The Destiny is a Bhutanese Dzongkha language film written by Tshewang Rinzin and directed by Kezang P Jigme. This film was released on August 9, 2010.

==Plot==
Based on a true life story, “The Destiny” is the journey of a young boy who is out to find his independence and more importantly- his father.

A father abandons his wife and unborn child to find greener pastures elsewhere, namely- the capital city. The child is born soon after and it is a son. He is brought up by his mother in the East.

Following the death of his mother the boy now aspires to go to Thimphu with one wish- to see his father.

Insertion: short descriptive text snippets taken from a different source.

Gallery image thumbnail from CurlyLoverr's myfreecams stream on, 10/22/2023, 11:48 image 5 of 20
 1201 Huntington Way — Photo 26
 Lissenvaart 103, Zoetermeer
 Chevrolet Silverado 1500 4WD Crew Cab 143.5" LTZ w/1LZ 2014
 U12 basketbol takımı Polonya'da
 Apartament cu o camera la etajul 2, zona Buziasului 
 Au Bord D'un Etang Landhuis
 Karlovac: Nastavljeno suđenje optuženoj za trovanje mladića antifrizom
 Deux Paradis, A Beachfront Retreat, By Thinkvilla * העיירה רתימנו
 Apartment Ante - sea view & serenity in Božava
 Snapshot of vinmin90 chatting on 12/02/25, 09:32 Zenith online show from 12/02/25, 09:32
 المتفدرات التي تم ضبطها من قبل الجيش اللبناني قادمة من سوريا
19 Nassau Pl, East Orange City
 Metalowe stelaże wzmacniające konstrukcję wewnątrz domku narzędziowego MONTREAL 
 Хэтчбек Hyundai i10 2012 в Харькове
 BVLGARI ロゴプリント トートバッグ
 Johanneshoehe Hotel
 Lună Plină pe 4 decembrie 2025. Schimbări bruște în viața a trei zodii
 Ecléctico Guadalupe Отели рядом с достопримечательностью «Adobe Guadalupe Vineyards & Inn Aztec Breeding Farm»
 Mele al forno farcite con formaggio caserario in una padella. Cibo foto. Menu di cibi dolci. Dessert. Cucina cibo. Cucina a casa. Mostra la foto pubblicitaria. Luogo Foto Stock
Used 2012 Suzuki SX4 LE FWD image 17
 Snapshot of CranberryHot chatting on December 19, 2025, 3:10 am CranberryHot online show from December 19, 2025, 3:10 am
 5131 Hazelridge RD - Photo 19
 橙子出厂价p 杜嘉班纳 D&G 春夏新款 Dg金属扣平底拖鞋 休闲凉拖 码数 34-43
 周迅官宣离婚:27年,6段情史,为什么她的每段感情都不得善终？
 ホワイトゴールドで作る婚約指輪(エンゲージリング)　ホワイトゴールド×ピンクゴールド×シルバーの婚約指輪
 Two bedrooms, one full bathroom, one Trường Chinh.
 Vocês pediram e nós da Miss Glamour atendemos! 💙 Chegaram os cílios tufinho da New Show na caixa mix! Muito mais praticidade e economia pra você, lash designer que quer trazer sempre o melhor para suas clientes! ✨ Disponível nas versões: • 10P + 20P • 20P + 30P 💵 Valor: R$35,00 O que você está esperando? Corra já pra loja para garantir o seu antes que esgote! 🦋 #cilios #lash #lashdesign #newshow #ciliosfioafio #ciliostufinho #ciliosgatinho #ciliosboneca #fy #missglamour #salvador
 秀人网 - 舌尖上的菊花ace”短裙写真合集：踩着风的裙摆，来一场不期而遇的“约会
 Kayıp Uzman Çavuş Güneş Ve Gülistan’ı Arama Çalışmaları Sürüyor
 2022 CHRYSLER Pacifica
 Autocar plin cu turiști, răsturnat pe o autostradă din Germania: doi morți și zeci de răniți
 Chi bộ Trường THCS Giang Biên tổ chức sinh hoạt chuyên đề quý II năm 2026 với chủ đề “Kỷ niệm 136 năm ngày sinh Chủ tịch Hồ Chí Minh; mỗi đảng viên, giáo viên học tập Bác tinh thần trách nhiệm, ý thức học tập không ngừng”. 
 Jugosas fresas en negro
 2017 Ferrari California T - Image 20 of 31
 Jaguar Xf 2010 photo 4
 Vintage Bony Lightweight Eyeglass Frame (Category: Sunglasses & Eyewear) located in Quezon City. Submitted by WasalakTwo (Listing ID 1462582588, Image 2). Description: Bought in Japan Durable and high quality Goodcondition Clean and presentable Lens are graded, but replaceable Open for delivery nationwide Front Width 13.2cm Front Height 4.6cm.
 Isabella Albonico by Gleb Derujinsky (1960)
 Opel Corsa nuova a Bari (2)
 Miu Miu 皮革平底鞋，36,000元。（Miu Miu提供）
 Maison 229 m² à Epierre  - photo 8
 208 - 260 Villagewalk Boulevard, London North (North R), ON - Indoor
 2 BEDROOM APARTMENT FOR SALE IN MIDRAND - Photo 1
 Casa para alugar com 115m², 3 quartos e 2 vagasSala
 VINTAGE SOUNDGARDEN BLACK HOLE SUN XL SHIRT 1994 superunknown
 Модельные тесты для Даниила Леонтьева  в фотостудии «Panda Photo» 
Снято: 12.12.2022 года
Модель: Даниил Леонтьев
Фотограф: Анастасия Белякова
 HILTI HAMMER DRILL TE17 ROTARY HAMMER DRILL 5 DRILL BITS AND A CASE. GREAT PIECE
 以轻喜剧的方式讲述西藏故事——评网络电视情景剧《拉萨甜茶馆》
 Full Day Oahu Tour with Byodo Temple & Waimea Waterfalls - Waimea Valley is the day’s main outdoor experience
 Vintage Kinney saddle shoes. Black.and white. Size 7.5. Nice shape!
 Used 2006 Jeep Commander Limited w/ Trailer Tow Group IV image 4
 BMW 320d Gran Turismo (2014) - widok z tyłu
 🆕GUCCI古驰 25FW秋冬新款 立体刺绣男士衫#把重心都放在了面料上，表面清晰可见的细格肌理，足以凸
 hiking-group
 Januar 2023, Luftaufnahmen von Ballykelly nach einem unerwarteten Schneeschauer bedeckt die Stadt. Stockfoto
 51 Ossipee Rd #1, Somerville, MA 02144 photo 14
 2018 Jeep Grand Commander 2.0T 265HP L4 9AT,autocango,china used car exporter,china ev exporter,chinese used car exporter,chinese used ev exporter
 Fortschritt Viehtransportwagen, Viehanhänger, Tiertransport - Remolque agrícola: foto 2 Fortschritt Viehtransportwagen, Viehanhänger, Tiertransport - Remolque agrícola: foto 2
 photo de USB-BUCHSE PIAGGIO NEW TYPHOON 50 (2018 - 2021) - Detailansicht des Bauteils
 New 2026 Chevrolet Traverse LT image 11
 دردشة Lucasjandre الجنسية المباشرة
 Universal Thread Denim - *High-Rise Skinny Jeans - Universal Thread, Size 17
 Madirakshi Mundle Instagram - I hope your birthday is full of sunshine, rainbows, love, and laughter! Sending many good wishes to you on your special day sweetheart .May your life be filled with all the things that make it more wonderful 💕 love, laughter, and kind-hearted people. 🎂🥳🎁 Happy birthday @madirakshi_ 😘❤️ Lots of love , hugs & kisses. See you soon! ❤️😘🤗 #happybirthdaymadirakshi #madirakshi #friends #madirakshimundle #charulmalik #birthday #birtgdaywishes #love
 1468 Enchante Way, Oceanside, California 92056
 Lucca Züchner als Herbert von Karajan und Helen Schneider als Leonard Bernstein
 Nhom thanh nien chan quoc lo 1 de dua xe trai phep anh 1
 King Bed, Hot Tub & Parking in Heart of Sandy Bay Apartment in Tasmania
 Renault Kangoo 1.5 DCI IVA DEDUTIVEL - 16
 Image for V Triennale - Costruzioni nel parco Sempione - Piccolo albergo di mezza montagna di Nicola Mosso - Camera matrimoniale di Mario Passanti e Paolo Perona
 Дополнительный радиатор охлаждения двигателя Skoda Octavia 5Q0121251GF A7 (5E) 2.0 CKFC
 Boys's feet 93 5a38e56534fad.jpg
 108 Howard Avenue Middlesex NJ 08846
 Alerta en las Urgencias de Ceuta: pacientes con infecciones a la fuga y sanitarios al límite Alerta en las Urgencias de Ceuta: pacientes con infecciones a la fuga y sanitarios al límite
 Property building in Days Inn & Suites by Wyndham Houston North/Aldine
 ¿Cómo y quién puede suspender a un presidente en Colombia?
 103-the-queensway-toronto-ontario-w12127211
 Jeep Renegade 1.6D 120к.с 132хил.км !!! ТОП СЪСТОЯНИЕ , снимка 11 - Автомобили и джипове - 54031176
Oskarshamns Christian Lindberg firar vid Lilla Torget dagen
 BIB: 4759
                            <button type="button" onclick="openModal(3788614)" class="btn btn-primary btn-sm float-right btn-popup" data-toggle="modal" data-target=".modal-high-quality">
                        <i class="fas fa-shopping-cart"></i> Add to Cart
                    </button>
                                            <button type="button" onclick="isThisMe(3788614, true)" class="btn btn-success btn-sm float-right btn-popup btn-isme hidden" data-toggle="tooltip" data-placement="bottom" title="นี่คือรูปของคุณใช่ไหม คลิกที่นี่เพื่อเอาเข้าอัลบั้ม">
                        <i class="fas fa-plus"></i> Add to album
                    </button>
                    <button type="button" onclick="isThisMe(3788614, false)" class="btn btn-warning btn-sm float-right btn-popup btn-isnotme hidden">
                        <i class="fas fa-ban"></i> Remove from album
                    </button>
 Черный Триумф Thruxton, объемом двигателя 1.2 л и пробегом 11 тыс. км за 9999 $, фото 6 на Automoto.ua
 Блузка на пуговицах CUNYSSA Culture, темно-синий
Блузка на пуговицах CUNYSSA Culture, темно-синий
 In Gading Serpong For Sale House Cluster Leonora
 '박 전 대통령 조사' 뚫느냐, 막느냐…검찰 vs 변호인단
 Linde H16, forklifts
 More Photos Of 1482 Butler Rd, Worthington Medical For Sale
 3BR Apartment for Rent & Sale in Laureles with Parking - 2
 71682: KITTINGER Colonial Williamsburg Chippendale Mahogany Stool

If I talk little about a film, a young boy (Nguldrub Dorji) who is orphan at a very young age and goes through many hardships. He lives in his village and moves to Paro and after a while gets adopted by a rich family. He is warmly welcomed into the new home by his new father and sister (Pema Yangki) but is mistreated by the mother. Tension arise in the family as the new mother begins to torment him and later on accuses him of stealing. She sends him out of the house to the dismay of the father and sister who have now grown very fond of him.
After he leaves the house, misfortune befalls the family without his knowledge. Karma Choechong moves to the city in search of a job and does odd jobs for his livelihood till he finds one. He meets Kezang Wangmo who helps him look for a job and settles down. After a few years, he becomes a very rich and successful businessman . In the end it shows how fate brings the two siblings together because of their love and compassion for each other.

==Songs==
- "Phama Mapay Bu Ngye"
- "Rang Sem Gye Wai Bhum"

==Production==
The film is produced by Tashi Gyeltshem.